The Viridian Capital Chart of the Week highlights key investment, valuation and M&A trends taken from that week’s Deal Tracker that we believe are impactful for investors, companies and acquirers.

Viridian Capital Chart of the Week: The Gap Between Canadian LP and U.S. MSO EBITDA Multiples Shows the Impact of 280E

  • The Viridian Chart of the Week looks at the Valuation impact of 280E from a different viewpoint: the gap between the EBITDA multiples of Canadian LPs and US MSOs is largely due to the punitive effects of IRS Rule 280E.
  • The orange line on the graph shows the multiples of enterprise value to next twelve-month EBITDA for the top Canadian LPs, while the blue line shows the same metric for the top U.S. MSOs. The green line shows the valuation multiple gap, now at 5.5 points, largely attributable to the fact that less U.S. EBITDA flows through to free cash flow due to 280E taxes.
  • The elimination of 280E should allow U.S. multiples to exceed current Canadian multiples of 12.1x, since U.S. companies are generally more profitable, address much larger markets, and have additional positive catalysts from SAFER and other regulatory reforms. We believe U.S. multiples could more than double to 15x from their current value of 6.6x
  • Higher valuations will transfer directly into higher M&A activity.

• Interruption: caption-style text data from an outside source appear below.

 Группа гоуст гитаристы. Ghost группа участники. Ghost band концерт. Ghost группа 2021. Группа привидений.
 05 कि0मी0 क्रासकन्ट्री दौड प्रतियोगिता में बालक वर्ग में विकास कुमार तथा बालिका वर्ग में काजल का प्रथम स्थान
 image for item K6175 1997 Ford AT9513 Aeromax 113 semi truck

Cash has been dear, and MSOs have been reluctant to use their equities as currency in acquisitions because such deals would be dilutive to their shareholders. Higher valuations will eliminate this problem, and the greater cash flows from lower taxes will also increase U.S. firms’ debt capacity. Both of these factors make acquisitions easier to finance and more accretive.

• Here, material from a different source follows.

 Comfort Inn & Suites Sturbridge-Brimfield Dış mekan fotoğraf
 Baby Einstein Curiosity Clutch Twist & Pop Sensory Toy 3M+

  • The removal of 280E should also revive the cannabis equity capital markets, which have been in a virtual lockdown due to regulatory reform uncertainty. U.S. Operators will seize the opportunity to repair their balance sheets through equity-based debt refinancing and equity-funded increases in capital spending.
  • While we do not see valuations or activity springing back to the heady days of 2021, we expect significant upticks in activity compared to levels we have seen in the last two years.